SOURCE MATERIAL =>
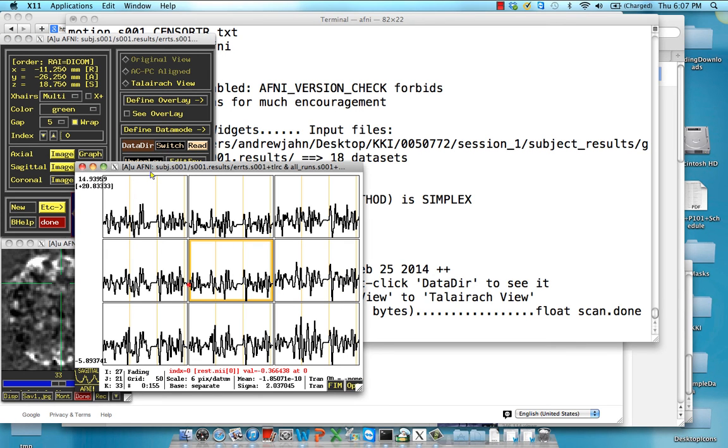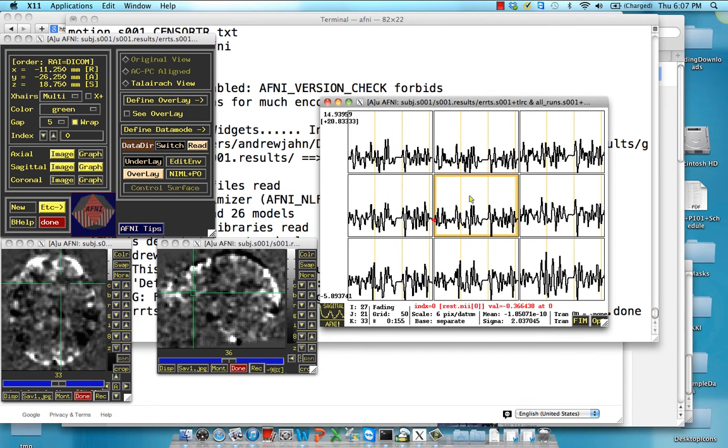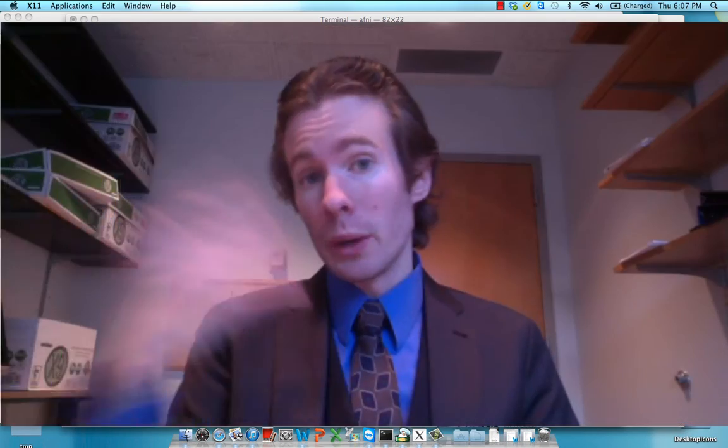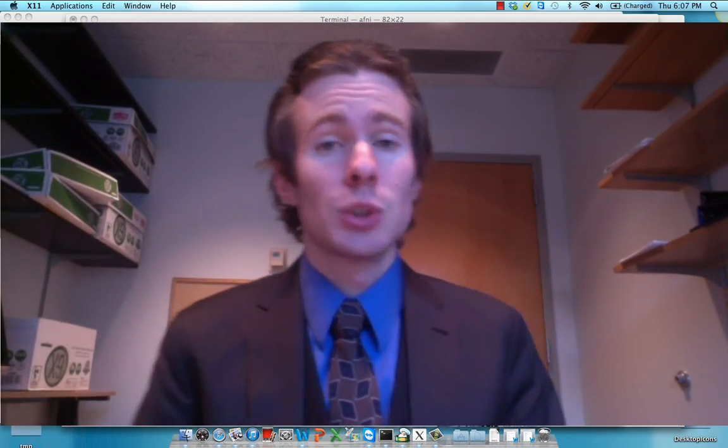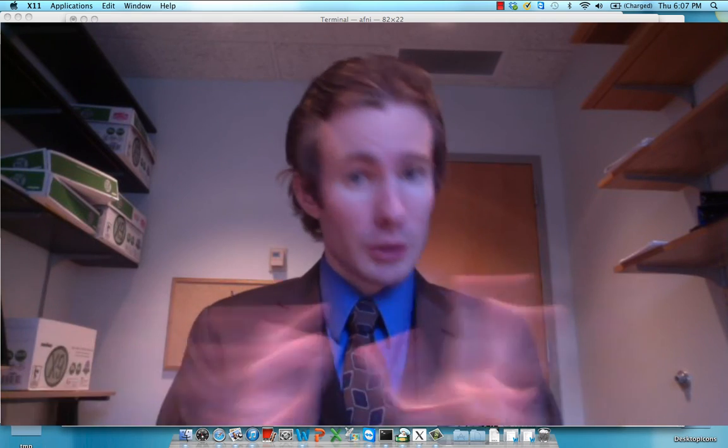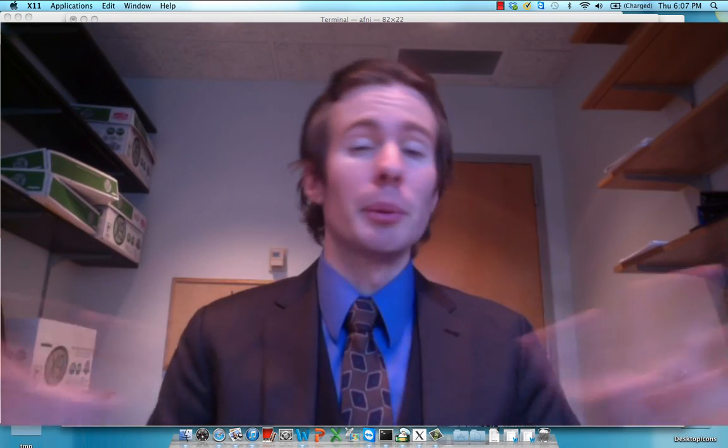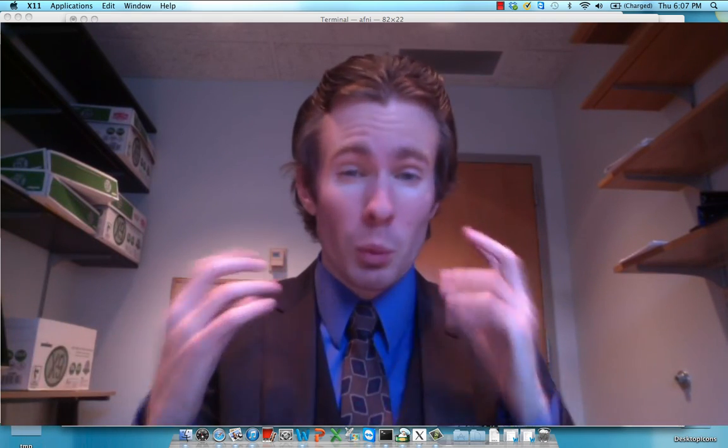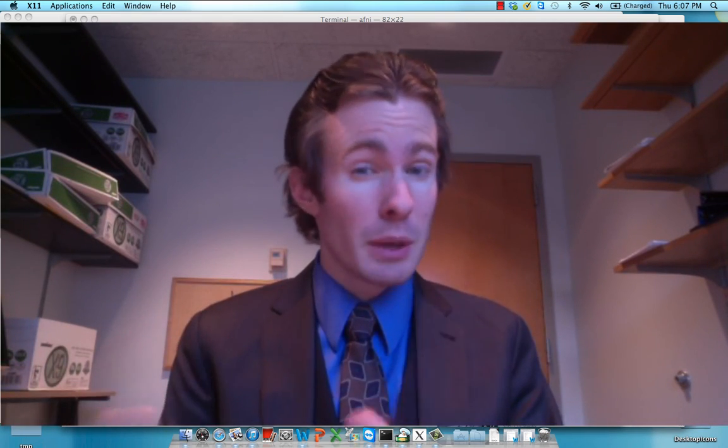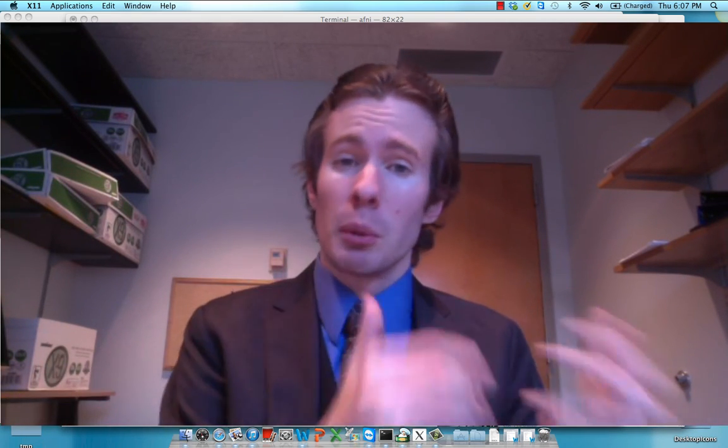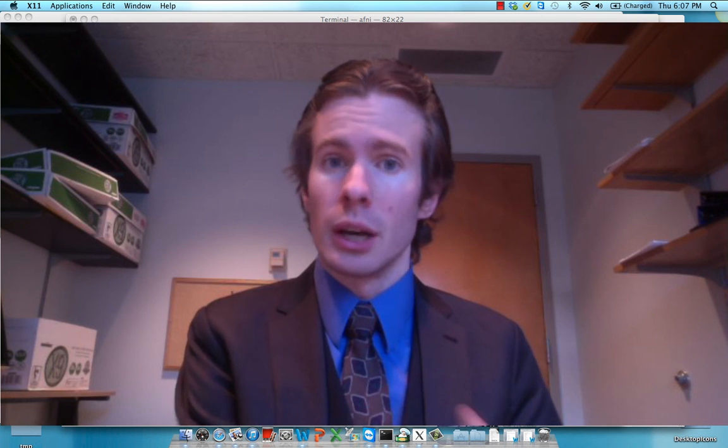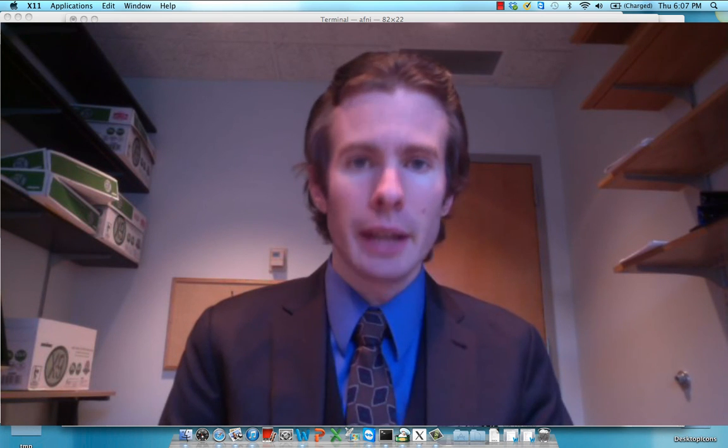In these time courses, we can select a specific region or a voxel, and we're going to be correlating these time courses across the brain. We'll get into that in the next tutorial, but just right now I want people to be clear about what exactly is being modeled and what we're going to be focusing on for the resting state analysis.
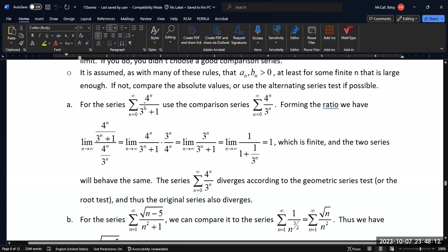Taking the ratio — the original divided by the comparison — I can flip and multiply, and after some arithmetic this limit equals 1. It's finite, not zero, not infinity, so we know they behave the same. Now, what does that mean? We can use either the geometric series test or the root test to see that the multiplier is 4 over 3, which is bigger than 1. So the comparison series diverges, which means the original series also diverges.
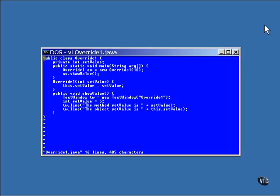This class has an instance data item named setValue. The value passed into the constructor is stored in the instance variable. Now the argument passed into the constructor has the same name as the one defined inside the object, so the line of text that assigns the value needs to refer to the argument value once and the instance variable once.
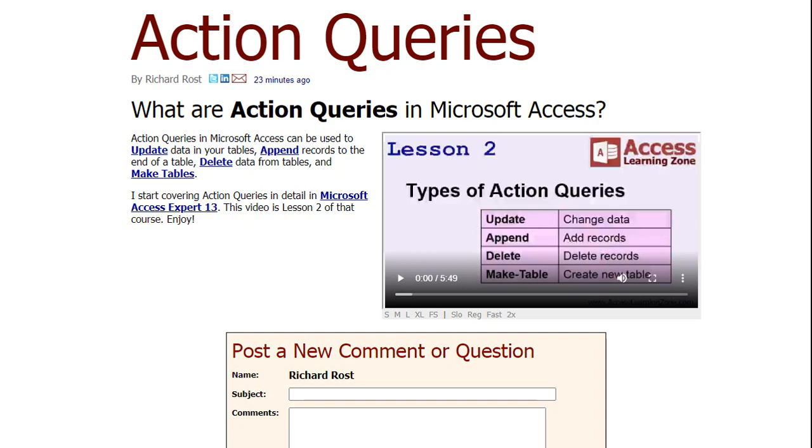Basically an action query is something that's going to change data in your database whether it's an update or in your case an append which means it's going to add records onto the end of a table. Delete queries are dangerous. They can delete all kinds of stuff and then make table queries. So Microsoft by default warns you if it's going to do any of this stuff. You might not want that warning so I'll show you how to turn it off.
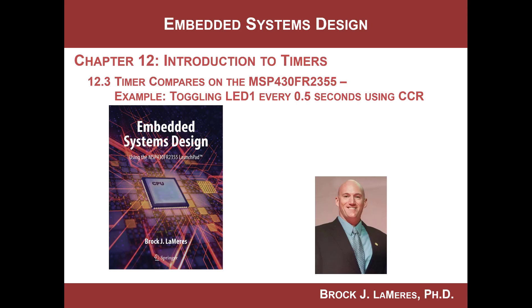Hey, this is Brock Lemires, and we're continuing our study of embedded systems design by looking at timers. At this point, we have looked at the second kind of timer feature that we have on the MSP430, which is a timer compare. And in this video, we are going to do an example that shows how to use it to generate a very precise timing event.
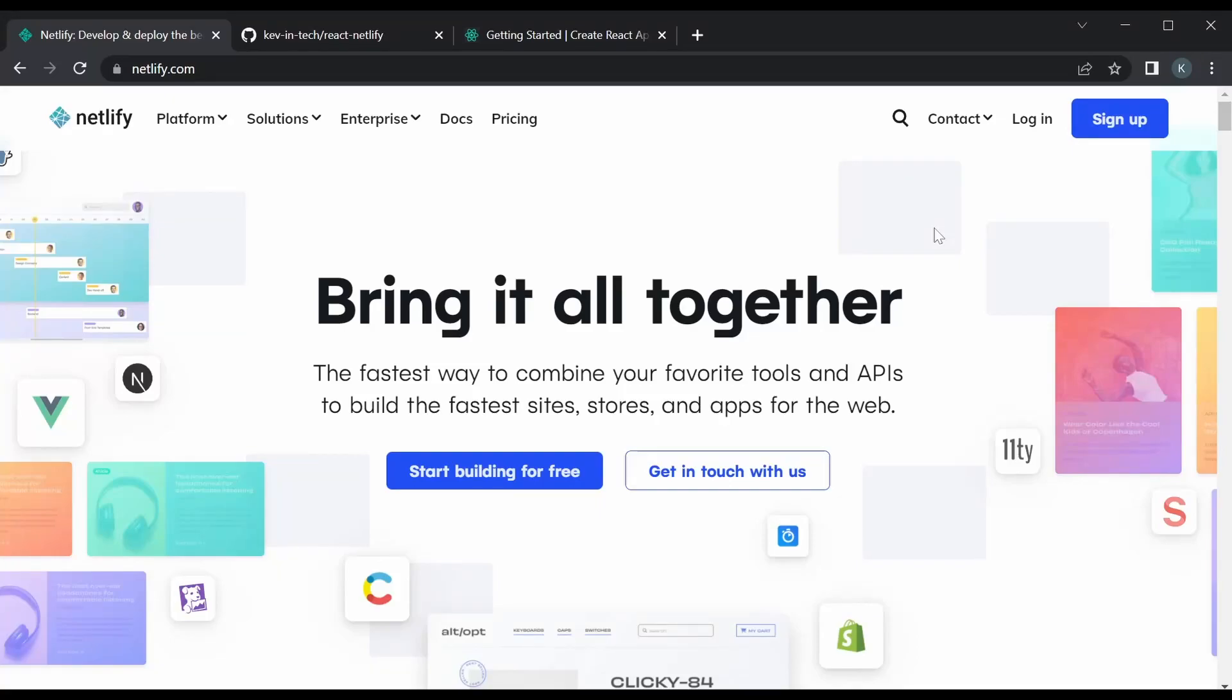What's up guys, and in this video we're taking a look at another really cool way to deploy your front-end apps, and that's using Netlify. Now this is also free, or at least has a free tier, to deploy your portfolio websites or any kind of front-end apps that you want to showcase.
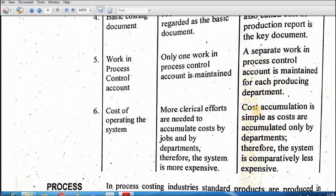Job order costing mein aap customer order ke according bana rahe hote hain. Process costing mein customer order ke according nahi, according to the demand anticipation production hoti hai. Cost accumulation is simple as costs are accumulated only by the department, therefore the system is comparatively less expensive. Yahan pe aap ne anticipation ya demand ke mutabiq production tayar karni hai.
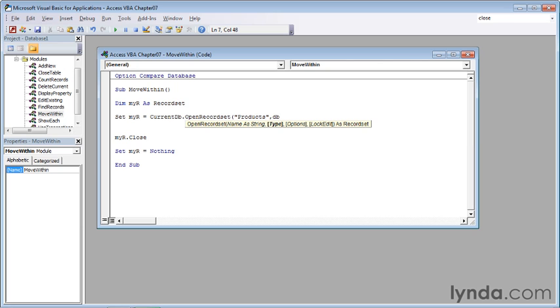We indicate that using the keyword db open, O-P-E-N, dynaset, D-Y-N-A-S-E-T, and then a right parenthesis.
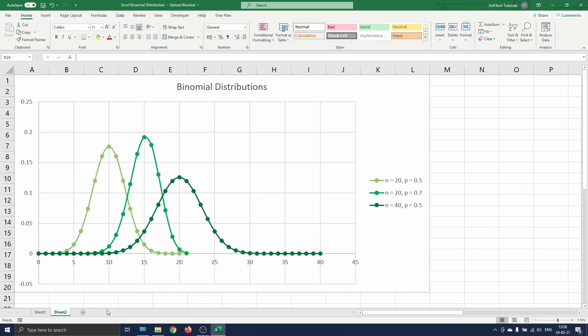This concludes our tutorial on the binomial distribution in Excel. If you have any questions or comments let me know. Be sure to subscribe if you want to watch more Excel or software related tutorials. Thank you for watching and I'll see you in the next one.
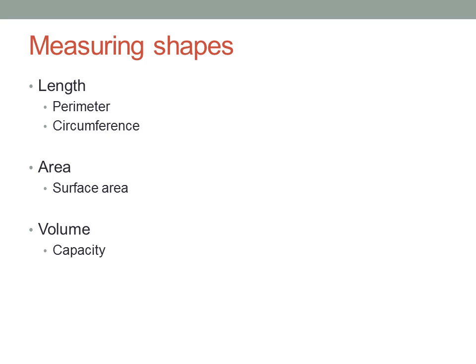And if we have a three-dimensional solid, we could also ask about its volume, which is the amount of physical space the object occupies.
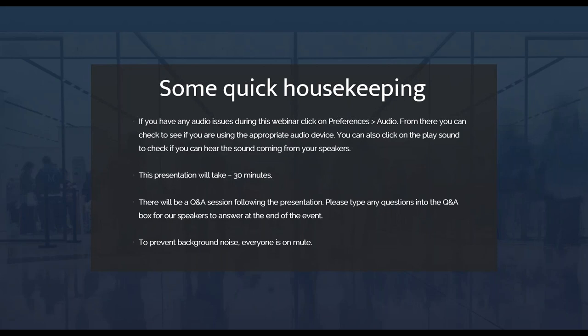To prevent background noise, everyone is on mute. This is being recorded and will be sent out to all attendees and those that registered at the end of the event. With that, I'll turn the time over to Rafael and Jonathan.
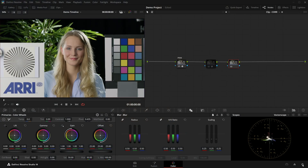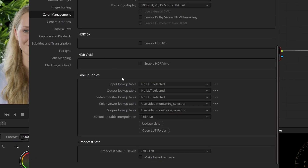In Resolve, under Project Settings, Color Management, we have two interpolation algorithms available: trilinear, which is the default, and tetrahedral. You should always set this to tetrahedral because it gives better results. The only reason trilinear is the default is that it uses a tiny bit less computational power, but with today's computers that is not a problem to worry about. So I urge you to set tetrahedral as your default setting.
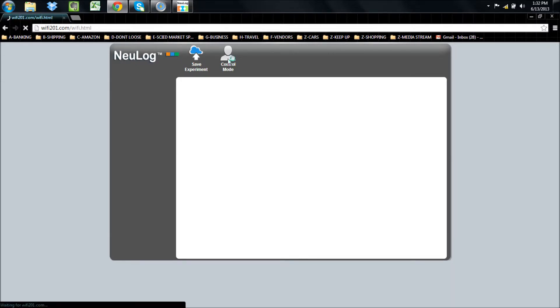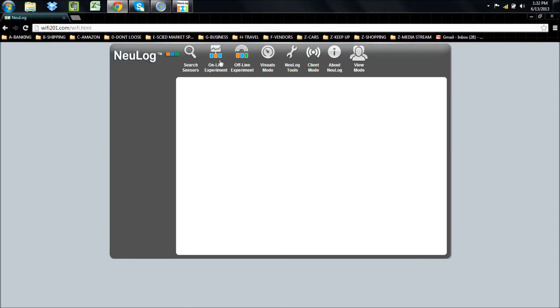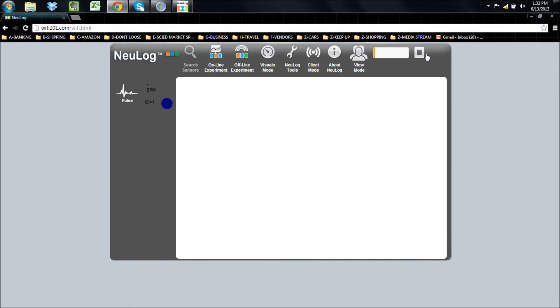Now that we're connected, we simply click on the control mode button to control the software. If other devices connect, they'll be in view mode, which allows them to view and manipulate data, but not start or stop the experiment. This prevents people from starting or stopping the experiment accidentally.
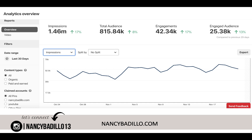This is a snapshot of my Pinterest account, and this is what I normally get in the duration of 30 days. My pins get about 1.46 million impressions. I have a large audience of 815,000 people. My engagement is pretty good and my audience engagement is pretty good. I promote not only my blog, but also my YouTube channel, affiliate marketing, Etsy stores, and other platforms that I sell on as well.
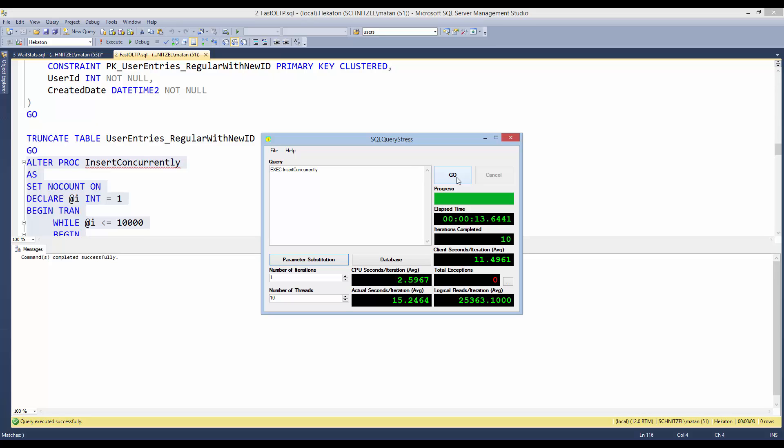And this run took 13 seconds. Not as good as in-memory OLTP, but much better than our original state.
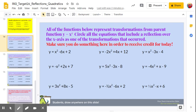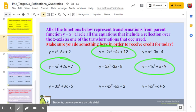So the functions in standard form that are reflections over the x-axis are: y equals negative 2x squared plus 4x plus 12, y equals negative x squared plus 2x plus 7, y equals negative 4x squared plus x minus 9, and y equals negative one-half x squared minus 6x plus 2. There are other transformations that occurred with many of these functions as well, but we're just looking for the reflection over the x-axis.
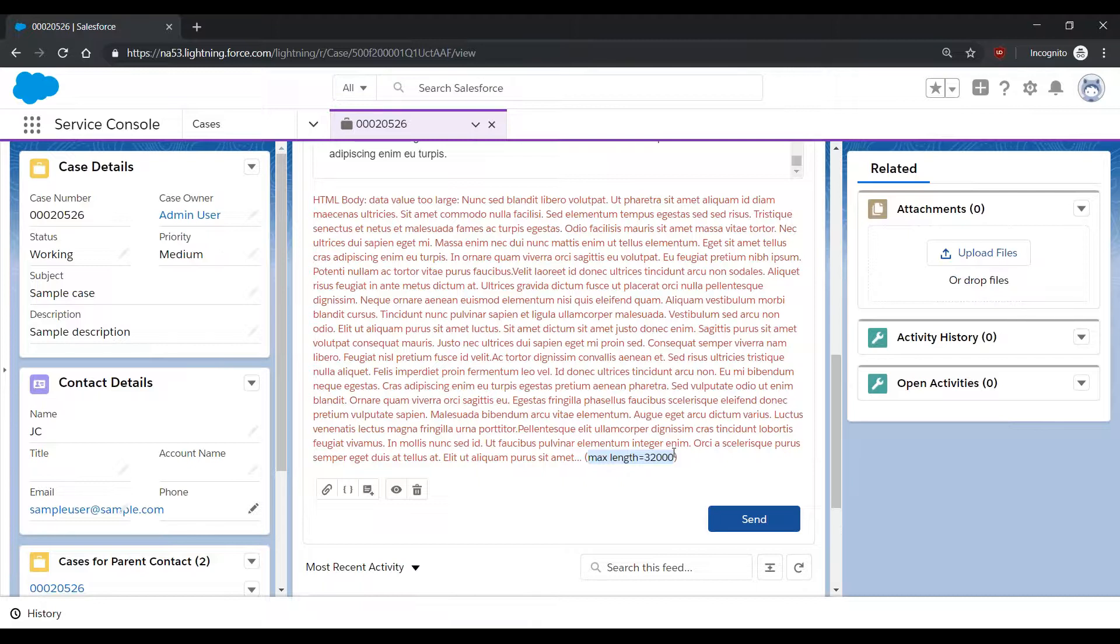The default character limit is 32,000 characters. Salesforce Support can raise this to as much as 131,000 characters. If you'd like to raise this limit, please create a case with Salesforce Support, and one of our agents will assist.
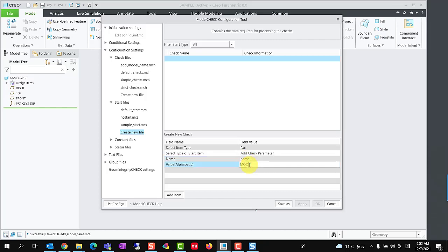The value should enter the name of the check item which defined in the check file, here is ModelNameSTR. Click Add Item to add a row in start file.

WORK TO COMPLETE =>
Working from the data above, repeat exactly, and only, the lines that begin at the line containing "This class has" and stop after the line containing "And if we have"; pictures are not copied.

WRITTEN REPLY =>
This class has an instance data item named setValue. The value passed into the constructor is stored in the instance variable. Now the argument passed into the constructor has the same name as the one defined inside the object, so the line of text that assigns the value needs to refer to the argument value once and the instance variable once.
Basically an action query is something that's going to change data in your database whether it's an update or in your case an append which means it's going to add records onto the end of a table. Delete queries are dangerous. They can delete all kinds of stuff and then make table queries. So Microsoft by default warns you if it's going to do any of this stuff. You might not want that warning so I'll show you how to turn it off.
Hey, this is Brock Lemires, and we're continuing our study of embedded systems design by looking at timers. At this point, we have looked at the second kind of timer feature that we have on the MSP430, which is a timer compare. And in this video, we are going to do an example that shows how to use it to generate a very precise timing event.
What's up guys, and in this video we're taking a look at another really cool way to deploy your front-end apps, and that's using Netlify. Now this is also free, or at least has a free tier, to deploy your portfolio websites or any kind of front-end apps that you want to showcase.
Job order costing mein aap customer order ke according bana rahe hote hain. Process costing mein customer order ke according nahi, according to the demand anticipation production hoti hai. Cost accumulation is simple as costs are accumulated only by the department, therefore the system is comparatively less expensive. Yahan pe aap ne anticipation ya demand ke mutabiq production tayar karni hai.
We indicate that using the keyword db open, O-P-E-N, dynaset, D-Y-N-A-S-E-T, and then a right parenthesis.
This concludes our tutorial on the binomial distribution in Excel. If you have any questions or comments let me know. Be sure to subscribe if you want to watch more Excel or software related tutorials. Thank you for watching and I'll see you in the next one.
And if we have a three-dimensional solid, we could also ask about its volume, which is the amount of physical space the object occupies.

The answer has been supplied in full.